Check this out. Pakistan, I am told, is our friend in the War on Terror. That’s what they say. Bush says it, and we know what a stand-up guy he is, so it must be true. And we know the Bush administration takes a hard line against those Islamofascists, too, because they’re always saying so on Fox News. And we know how fair and balanced they are, so it must be true. I mean, the Islamofascists are why we can’t leave Iraq, right? Because that’s where they all are, and so if we leave, well then, they’re just going to swarm the globe in their millions, and it’ll be Islamofascism here, Islamofascism there, Islamofascism everywhere!

So I wonder just how our fine, courageous, standing-up-to-the-terrorists president is going to react if our good fellow-Islamofascist-terrorist-fighting friends in Pakistan pass this bill that would make it a capital crime for a Muslim man to decide he wanted to leave the faith. Hey, at least they’re going easy on women, who would only get life in prison. I suppose this is what passes for “progressive” in an Islamic country. After all, Islamofascists aren’t known for making women’s lives very pleasant. I mean, for real. Like, if you’re a woman, and you live in an Islamic country, it pretty much sucks to be you. So for women who want to leave Islam to get off so lightly with a mere life sentence seems to indicate that Islam has made a bold step forward into the 17th century, at least.

But come on. Really. To pass a law saying that we’ll fucking kill you if you don’t want to belong to our religion any more is pretty barbaric even for Islam, which is already just about the most barbaric belief system any bunch of barbarians ever practiced barbarism under. And I say this as someone who has lived in the Middle East, known plenty of the “good” Muslims, knows what good and kind people they can be, and remains utterly nonplussed that decent folks can continue to live under the yoke of such a totalitarian, anti-human, tyrannical religion.
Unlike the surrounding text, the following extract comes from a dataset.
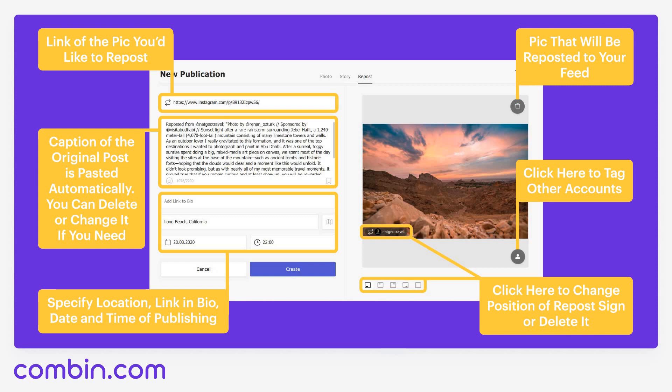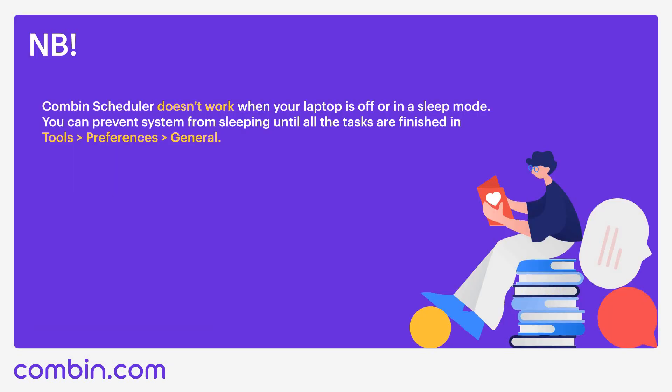Those were the main features of Combine Scheduler I wanted to tell you about today. If you want to learn more in-app tips and secrets, welcome to Combine Scheduler webinars for newcomers that I host every two Wednesdays. More information about webinars you will find on our official website Combin.com, or you can find a direct link to register as soon as you download the application. One important note: Combine Scheduler works directly from your computer, which means scheduled posts and stories can only be published from a turned-on computer with a stable internet connection. Combine Scheduler does not work when your laptop is off or in sleep mode.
Hell, maybe that’s the problem that has motivated Pakistan’s desire to draft this law. You wouldn’t think they’d need it if there weren’t the real threat of mass defections by good Muslims who have concluded they simply cannot stand by and be part of something so evil any more.

Well, I’m sure Bush’ll give ol’ Musharraf what-for over this. Won’t he? He will, won’t he? Sure he will.